Next generation energy storage devices for stationary as well as mobile electronics will not only need high gravimetric and volumetric capacity, but also long term stability even in rough environments at elevated temperature. Here, all solid state batteries based on Li-garnet structures are shown as interesting model systems that: i.) can partially use industrial waste heat to increase charging times (increased Li⁺ diffusion) for stationary, ii.) can integrate new high capacity electrode materials which show conventionally a low stability in standard liquid/polymer based Li-batteries, iii.) are easy transferrable to model thin film battery structures for powering of portable electronics. Going all-solid-state opens up completely new pathways for chip integration and downscaling to the sub-micron range for high energy densities to battle supercapacitors.

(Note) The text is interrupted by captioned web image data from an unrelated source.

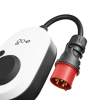 vyrp12 70ch 04 22 01 3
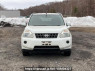 Used 2009 AT nissan x-trail NT31 Image[1]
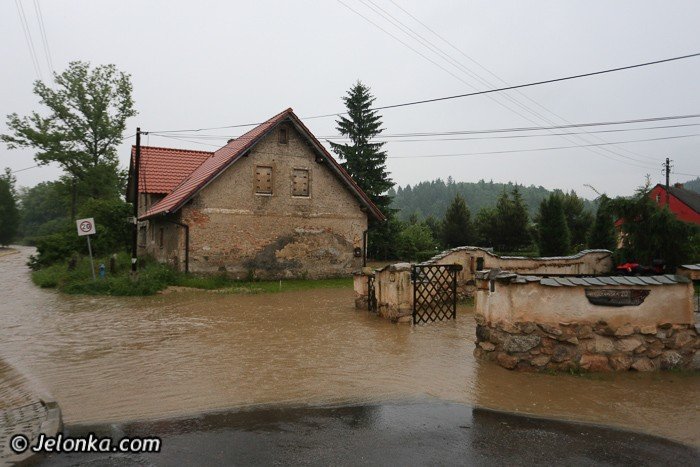 po-ulewie-znowu-zalania-podtopienia-i-ludzkie-dramaty-foto-46933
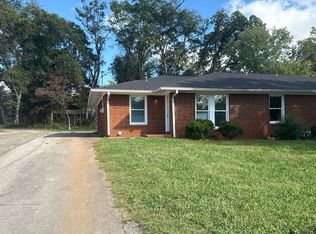 1115 Glaze Ct, Murfreesboro, TN 37130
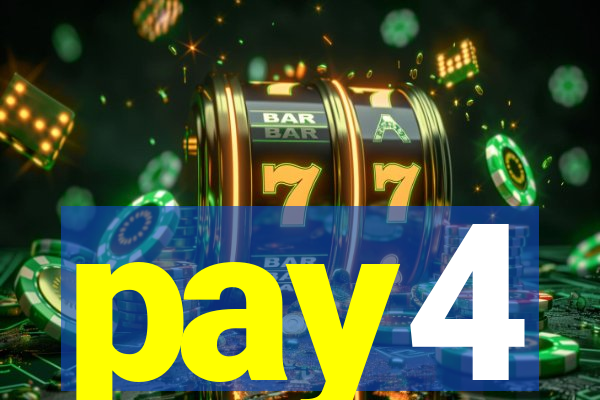 pay4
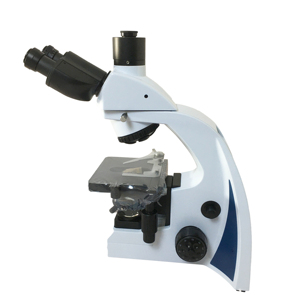 Microscopio Biológico Binocular Digital Electrónico de Alta Definición 40x-1800x con Monitor HD, Equipo de Laboratorio Profesional OEM - Product Image 5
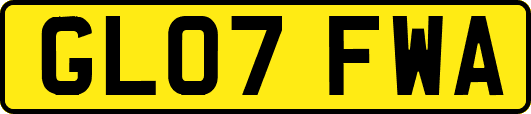 GL07FWA
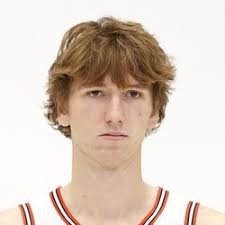 temp_image_1773373259.818174 Josh Giddey: Latest Updates, Fantasy Basketball Impact & Performance Analysis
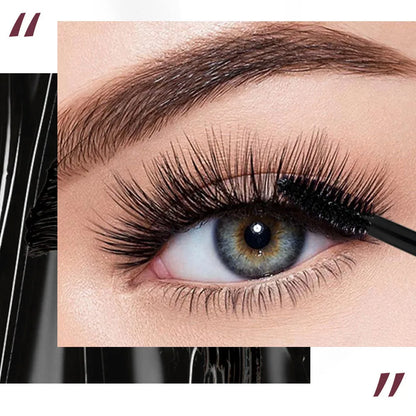👁️✨ 7D Mascara ✨👁️
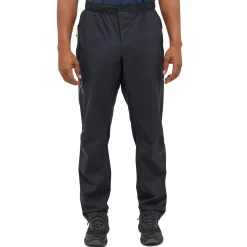 Clearance LIM Airak GTX Pants Waterproof Overtrousers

From a materials perspective, cubic garnet Li₇La₃Zr₂O₁₂-based structures are among the fastest conducting solid state electrolytes^[1]. Moreover, their inherent compatibility with metallic Lithium, stability in a wide voltage range as well as their Arrhenius-activated conduction mechanism support their prospering interest for all solid state large-scale and future microbatteries. On the electrode side, Li₄Ti₅O₁₂ is known as one of the most stable anode material due to its remarkably low volume expansion upon lithiation/delithiation and its good cycle performance ^[2].

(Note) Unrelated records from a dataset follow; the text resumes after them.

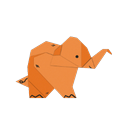 TrunkTransfer logo
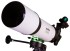 Телескоп Sky-Watcher AC102/500 StarQuest EQ1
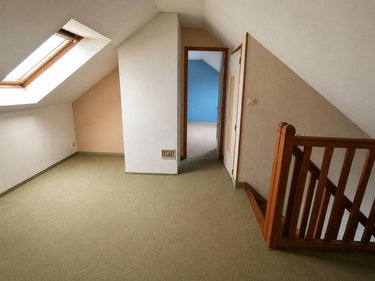 Maison a vendre Étival-lès-le-Mans 72700 Sarthe 102 m2 7 pièces 210000 euros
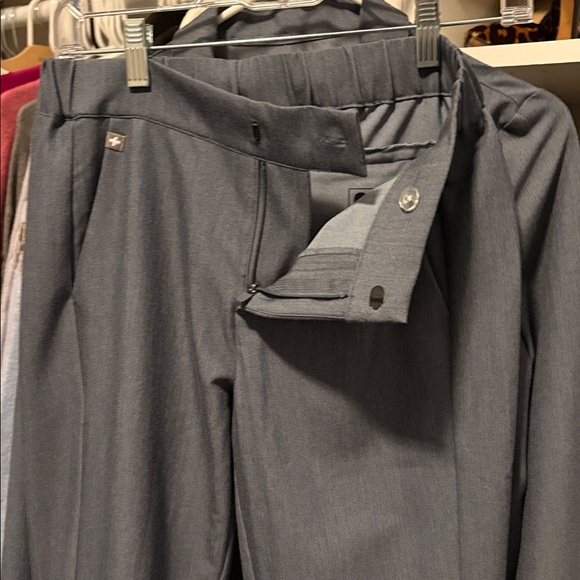 Figs Scrub Set - Picture 6 of 6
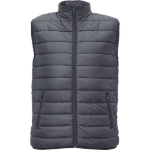 Kép CERVA MAX NEO LIGHT vesta černá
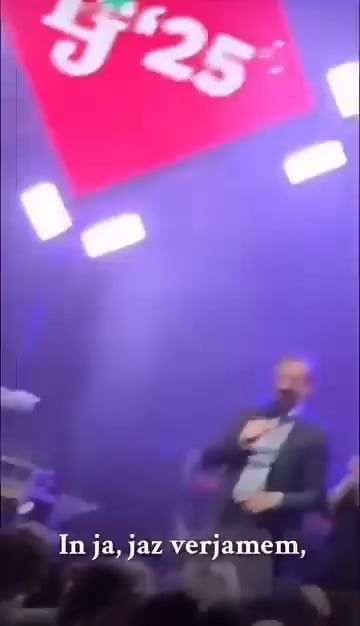 Golob in Zoki ter božičnica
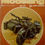Miniatura: Military Modelling Magazine Vol 4 #5 (1974)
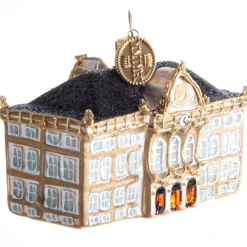 AMALIENBORG 7 CM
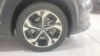 Mazda MX-30 e-SKYACTIV R-EV 125 kW MAKOTO Mod.Conf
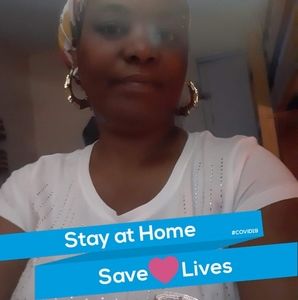 Meet your Posher, Deloris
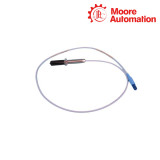 Bently Nevada 330703-000-100-10-11-05 3300 XL 11 mm Probe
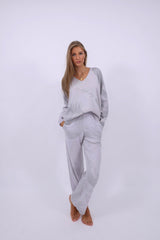 Friendly Hunting Pants Virgin Garden Eden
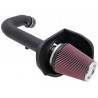 Sport Intake K&N 57i series, 57-2568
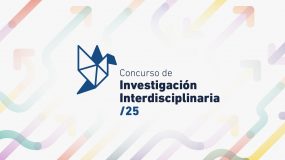 Concurso de Investigación Interdisciplinaria 2025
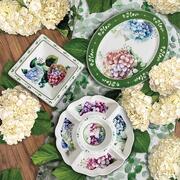 ��������� Flora 27�� 51191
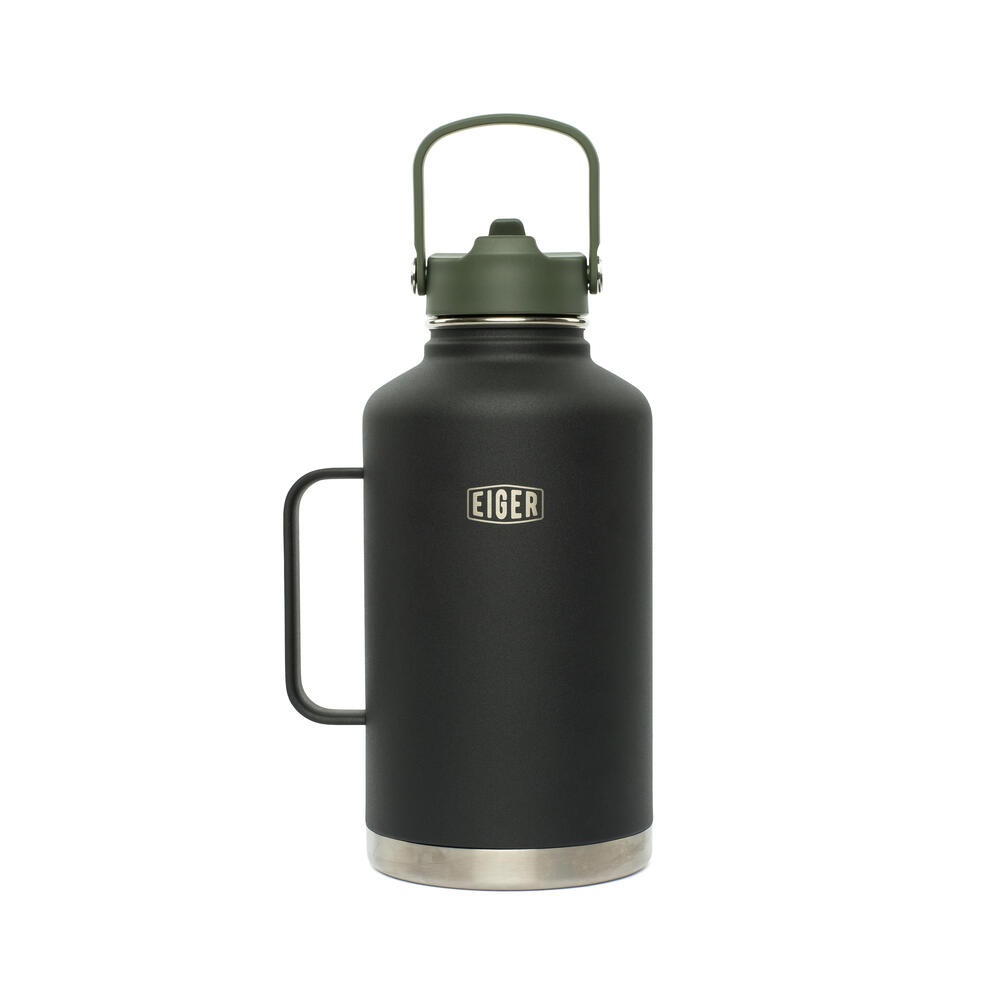 910011178 CAMPERGROWLER 1.9L/64OZ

We hereby report our latest progress on nanostructuring different promising anode thin films of Li₄Ti₅O₁₂ / TiO₂ mixed-phase deposited by pulsed laser deposition and constructed bilayer half-cells batteries systems with Li₇La₃Zr₂O₁₂ pellets as the electrolyte. Rate capability studies as well as galvanostatic cycling of this system showed promising initial capacity and acted as a case study for the well-known Li₄Ti₅O₁₂ thin film anode, shown its good compatibility with the investigated solid garnet electrolyte. Near-order phenomena could be tracked by Raman spectroscopy and gave insight into the process of lithiation and delithiation. To the best of our knowledge, no such study has yet been reported in literature. However, degradation and ageing effects still remain challenging and will be discussed.

References

^[1] Thangadurai et al., Chemical Society Reviews 43(13), 4714.

^[2] Kumantani et al. Applied Physics Letters 101(12), 123103.